I don’t think it will [change] until the old guard move away from coaching and the more professional people move up. They are generally now doing it in a more professional manner and getting themselves more qualified and aren’t insecure and I think there is a hell of a lot of insecurity in coaching. A lot of these people have just been coaching for years with no particular, er…you know they haven’t studied their arses off, they haven’t travelled the world for work and research and I think that makes them really insecure. I think insecurity drives a lot of behaviour and you know people coming through and it used to be an old boys club and now there is women and young people and all that sort of thing. Because there is a lot of dinosaurs doing the same thing and suspicious of change. 

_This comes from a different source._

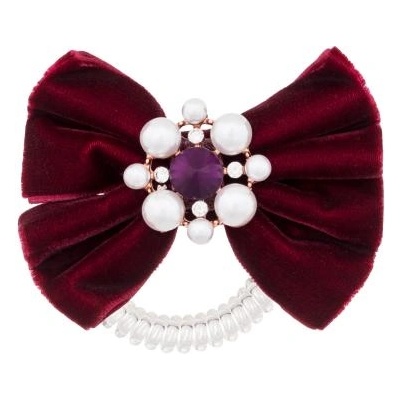 Invisibobble British Royal Bowtique ластик за коса цвят червен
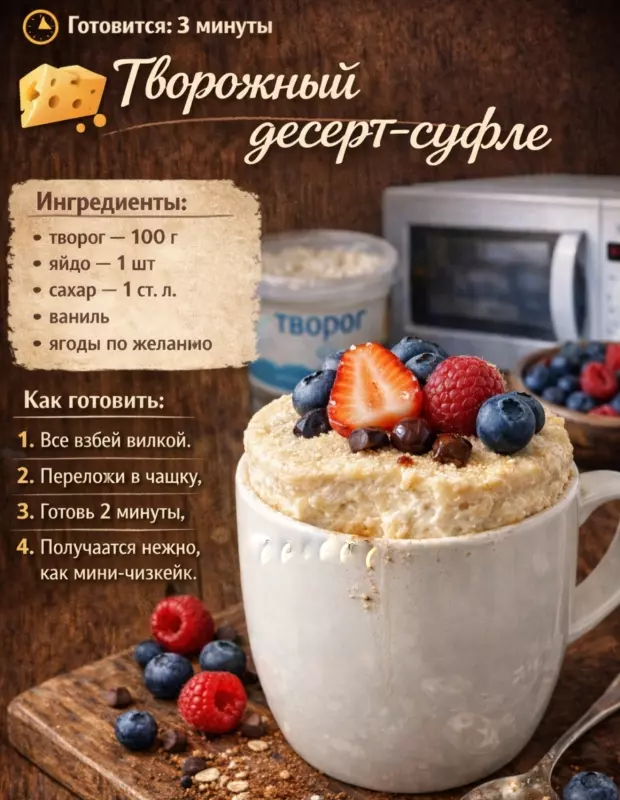 Кулинарная инфографика в рецептах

[One of the men] did one of those [name of event] coaching ones and if you listen to it, you will hear them all chat about erm, the golf course and when they played this and when they did that. You realise how cliquey and how old school it can be. But you think, have we really not moved away from that? And you know, then you sort of hear them talking and it’s ‘oh do you remember when we did, remember when we played that match there, and remember we had that golf course…’ And you think, you know, athletics is very very cliquey, and it’s not open to all. It is a lot of old school. That whole culture is still old school who you know and not what you know.

It is a bit of an old boys’ network. And being female, people assume you are the athlete’s mother and not their coach. Anybody who sees you they say, ‘oh are you the mum?’ Whereas they wouldn’t think that for a male, they would probably ask the question ‘are you the coach?’. So it is, that is a cultural thing.

I think more positive now that I am not actually working for the governing body. The reason for that isn’t because of the governing body, the reason for that was the amount of animosity being a young female in a role created by the older male population in the [name of event] coaching community.

I said I wanted to step down and didn’t want to work in this role anymore [because of reported harassment]. But that person who was the instigator of all this…he is now still in a high position… because it’s an old boys’ network. So, you know, it was quiet, I was prepared to step down from that role, even though it was what I wanted to do at the time. It was kind of intimidating and back stabbey and back bitey, it has never been from coaches who were better than me, it was always from peers of a similar level. And I’ve never had it from female coaches, it has always been from older male coaches, younger male coaches not at all, it was always the older male coaches that have been the issue for me.